El conjunto es repulsivo y seductor. Las esponjillas dispuestas y el jabón mostrando su verde tóxico e implacable. Comienza la función poniendo orden al mugre, haciendo un inventario y abriendo espacio para disponer las virtudes de la limpieza. Al comienzo, el movimiento circular sobre los platos ayuda a mover los pensamientos reiterativos, esas ideas que vuelven y nunca se concretan, esos problemas sin solución. El jabón ablanda un poco los mecanismos del cerebro y parece que hay salidas, y hasta se alcanza a ver el espejismo de una genialidad.

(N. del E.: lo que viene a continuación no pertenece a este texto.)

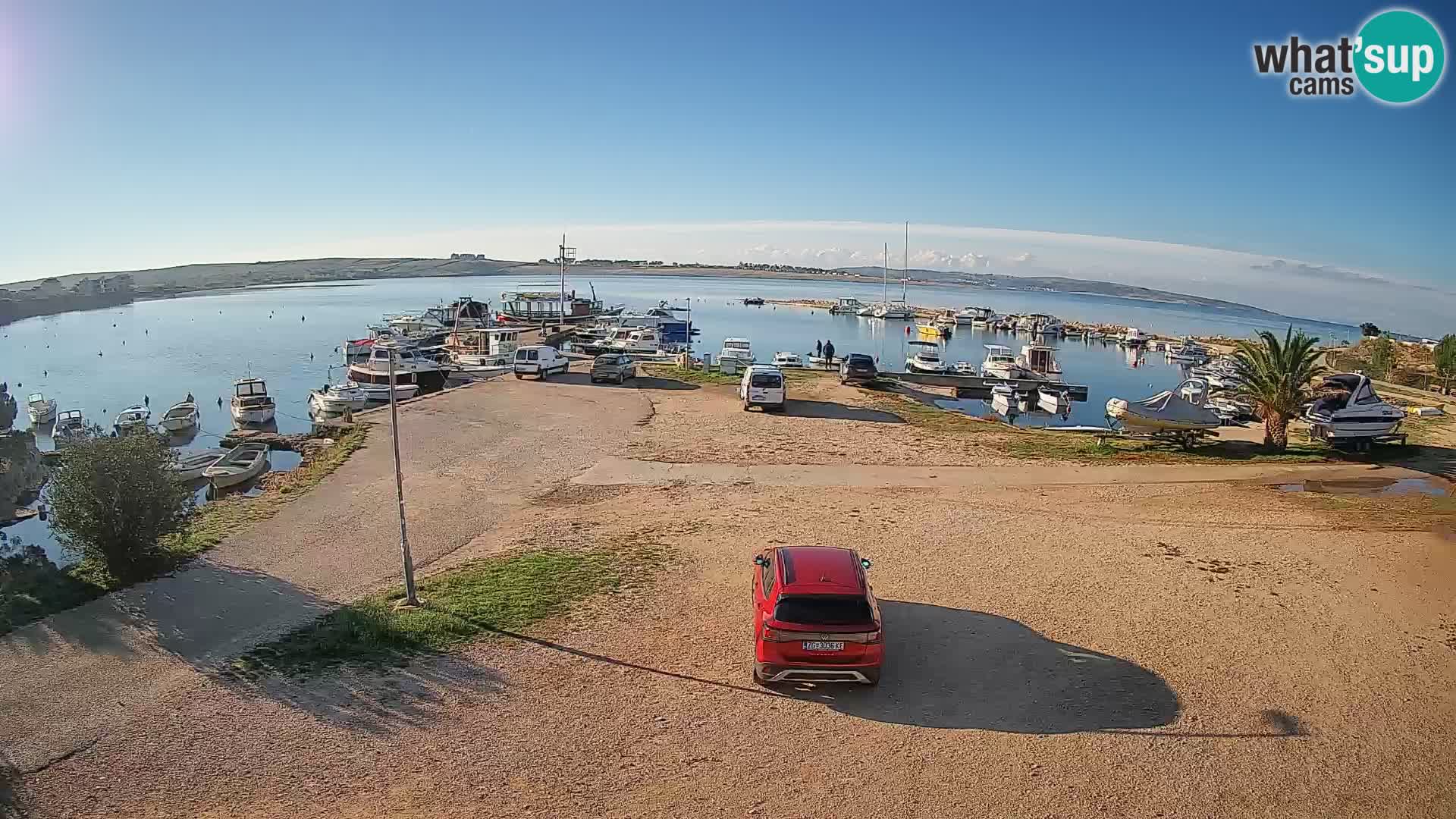 Web kamera Povljana – otok Pag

El trabajo rinde y ya hay una sección donde los pozos de grasa se llenan de burbujas iridiscentes. Los cubiertos entregan algún riesgo, sierras, puntas, filos, hacen obligatoria la concentración. Entonces es hora de dedicarle un tiempo al sonsonete en el radio, una canción vieja, una discusión atascada sobre fútbol o política. Y de fondo ese sentimiento delicioso de estar avanzando en la tarea, de perder el tiempo haciendo una labor invaluable, de haber emprendido un heroísmo doméstico.

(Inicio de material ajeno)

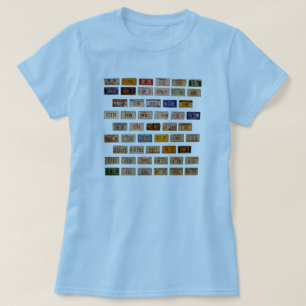 Camiseta Preámbulo en placas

Para los vasos y las copas es necesario cambiar de esponjilla y cuidar los gustos futuros de olores atrevidos. Ahora se trata de llegar hasta el fondo para sacar el limo del vino, el pegote de la cerveza, los colores del te en la jarra, la arena del café, los restos del vaso que bebió las aguas de un sartén. Surgen entonces los pensamientos turbios. Pero es necesaria la destreza para juagar rápido sin desperdiciar agua. De modo que no hay tiempo de rumiar miserias. Mientras se pone un elemento en la rejilla de secado se debe dejar otro bajo el chorro de la llave. Todo coordinado con una canción fácil que entrega el dial. Para terminar, los sartenes y las ollas olvidados en el fogón. Hora de la esponjilla contra las costras geológicas: la tarea titánica para el final, cuando duele un poco la espalda y no queda más que recordar alguna rabia agazapada.

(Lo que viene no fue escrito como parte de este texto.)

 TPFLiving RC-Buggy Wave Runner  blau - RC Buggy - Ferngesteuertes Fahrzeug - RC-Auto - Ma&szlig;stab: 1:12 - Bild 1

Pronto todo toma un aire despejado. Es hermoso el encarrilamiento de los platos y el goteo de los vasos, la montaña de sartenes se ve magnífica y los cuchillos punta abajo nos hablan del fin de la batalla. El trapo sobre el mesón es tal vez la mayor delicia, una labor tan suave y sencilla entrega ese brillo definitivo. Y uno quiere llamar a los habitantes de la casa para que vean semejante obra. Pero a nadie le importa. Así que no queda más que entrar a la cocina una y otra vez a admirar el paisaje y vigilar que todo esté en su sitio ¿Por qué no contar cada pieza para tener claro el tamaño de la faena? Y luego dicen algunos descreídos que es mejor meter todo a un lavaplatos y atenerse al zumbido de sus aguas calientes y al vaho que sale al abrir su puerta ¿Y dejar que la máquina piense por uno?
Para el final es necesaria una cerveza como medalla de honor. Eso sí, hay que tomarla en botella para no entregar una nueva mancha, ni una sola.